# first pics on p fury



## fishfinder (Feb 6, 2004)

hey guys i just got a camera, and its been a long time comming. now i can show you all my stuff.

150 mix pygo


----------



## Soldat (Aug 28, 2004)

Dude, I dont see any pics


----------



## Joga Bonito (Oct 30, 2004)

where are the pics


----------



## fishfinder (Feb 6, 2004)

what the hell happened 
computers suck dam ill try again


----------



## fishfinder (Feb 6, 2004)

see if i get is right


----------



## steveling (Jun 6, 2003)

youre getting there !!!! only the very top of the tank so far mate


----------



## fishfinder (Feb 6, 2004)

Yes! i figured it out so what do you think? its a work in progress


----------



## fishfinder (Feb 6, 2004)

my 14" monster royal pleco


----------



## KangolBrand (Jul 15, 2004)

thats a waste leaving that sick pelco in the thank with piranhas.... accidents can happen overnight and that pelco is not cheap.... nice tank and set up by the way ... good luck


----------



## Mughal (Mar 3, 2005)

Very nice! I set up my new tank today too! I think yours is bigger though


----------



## flash! (Aug 10, 2004)

looks good









how much did you give for the royal pan??? at my lfs they are going for £50-00 at about 4"

I personally would get it out of there and get it traded for more P's :nod:


----------



## Serygo (May 17, 2004)

very nice... if I was you I would get a tank just for dat plec!


----------



## Ries (Mar 20, 2004)

nice tank looks good


----------



## fishfinder (Feb 6, 2004)

there has been (2) 8" common plecos in the tank since the p's were fry, 
a 3" snowball pleco and and 3" spotted catfish for 6 months the royal for 4 months, and there has been 0 trouble - knock on wood 
keep them well fed and leave plenty of places to hide- note the cave in the middle when things get nasty the plecos move to the cave
no fin nips no problems

royal pleco 14" $60.00


----------



## Esoteric (Jul 7, 2004)

goodluck my cariba have ate 5-6 plecos so far. all over 3" and they never even left a head.

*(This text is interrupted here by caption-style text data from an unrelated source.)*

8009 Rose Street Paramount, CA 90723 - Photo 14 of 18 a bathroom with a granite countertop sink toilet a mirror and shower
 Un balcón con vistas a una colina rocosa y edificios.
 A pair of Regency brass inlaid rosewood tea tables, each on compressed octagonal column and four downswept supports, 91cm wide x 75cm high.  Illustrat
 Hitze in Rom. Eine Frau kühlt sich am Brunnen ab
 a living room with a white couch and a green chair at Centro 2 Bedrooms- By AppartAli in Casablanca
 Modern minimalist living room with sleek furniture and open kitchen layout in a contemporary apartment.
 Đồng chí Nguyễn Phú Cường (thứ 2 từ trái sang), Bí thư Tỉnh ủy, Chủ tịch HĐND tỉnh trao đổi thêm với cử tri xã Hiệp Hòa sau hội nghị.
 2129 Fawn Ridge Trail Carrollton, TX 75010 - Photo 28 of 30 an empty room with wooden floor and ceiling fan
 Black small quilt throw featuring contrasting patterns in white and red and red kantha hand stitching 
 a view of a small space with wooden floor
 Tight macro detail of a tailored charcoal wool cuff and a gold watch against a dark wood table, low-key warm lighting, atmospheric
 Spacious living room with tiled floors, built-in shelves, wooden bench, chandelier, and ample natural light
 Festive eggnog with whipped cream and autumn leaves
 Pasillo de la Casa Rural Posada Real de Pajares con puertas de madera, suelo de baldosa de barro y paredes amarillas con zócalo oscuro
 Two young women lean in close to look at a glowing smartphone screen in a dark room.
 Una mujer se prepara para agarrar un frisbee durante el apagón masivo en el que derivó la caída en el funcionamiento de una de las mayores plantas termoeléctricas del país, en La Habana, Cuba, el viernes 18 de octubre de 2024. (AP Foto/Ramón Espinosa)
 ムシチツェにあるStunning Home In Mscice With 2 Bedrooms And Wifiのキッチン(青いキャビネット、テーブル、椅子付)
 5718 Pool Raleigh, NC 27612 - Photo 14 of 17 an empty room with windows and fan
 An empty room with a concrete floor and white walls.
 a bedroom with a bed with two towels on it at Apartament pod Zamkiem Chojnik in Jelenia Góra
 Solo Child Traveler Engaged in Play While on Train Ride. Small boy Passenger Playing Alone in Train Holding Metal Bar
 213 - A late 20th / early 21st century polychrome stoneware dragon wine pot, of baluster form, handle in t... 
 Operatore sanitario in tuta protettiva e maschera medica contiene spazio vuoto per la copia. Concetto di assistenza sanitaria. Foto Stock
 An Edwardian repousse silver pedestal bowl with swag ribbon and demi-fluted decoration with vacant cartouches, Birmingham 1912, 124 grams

very nice set-up though great P's


----------



## Scrap5000 (Mar 4, 2005)

Very cool, yo


----------



## janus (Oct 28, 2004)

Nice Pygo`s!


----------



## Rikimaru (May 3, 2004)

I liek ur setup 
but ur Piraya kicks ass big time!! nice specimen!!!


----------



## marco (Jan 2, 2003)

very nice set up. i love the piraya


----------



## MR.FREEZ (Jan 26, 2004)

i wanna shot of the pleco


----------



## Fresh2salt (Jul 16, 2004)

looks great.


----------



## Richy84 (Jan 1, 2005)

That Centerpiece is awesome! Where did you get it?


----------



## [email protected]° (Jun 16, 2004)

fishfinder said:


> there has been (2) 8" common plecos in the tank since the p's were fry,
> a 3" snowball pleco and and 3" spotted catfish for 6 months the royal for 4 months, and there has been 0 trouble - knock on wood
> keep them well fed and leave plenty of places to hide- note the cave in the middle when things get nasty the plecos move to the cave
> no fin nips no problems
> ...


I would be carefull with the plecos. They will likely meet an unfortunate end eventually, especially with a piraya. The piranha are going to get bigger and bigger. Eventually they will start to "test" the plecos...

I would hate to see such cool fish get it!!


----------



## fishfinder (Feb 6, 2004)

Richy84 said:


> That Centerpiece is awesome! Where did you get it?
> [snapback]932120[/snapback]​


I carved a mold out of floral foam, then covered it with cement and rock.


----------



## shoe997bed263 (Oct 15, 2004)

looks great love that tank you have there i love the color of the wood. i love piraya's i think they are the best looking pygo out there. nice pics


----------



## remyo (Aug 26, 2004)

look,s great nice royal !!


----------



## traumatic (Jan 29, 2003)

pretty cool tank!

I like the centerpeice as well


----------



## sadboy (Jan 6, 2005)

Good looking pygo's







I have to agree that your pleco will one day meet it's maker. My pleco last for almost three months until I found him have eaten by my caribes.


----------



## cmsCheerFish (Dec 17, 2004)

very nice collection and setup!


----------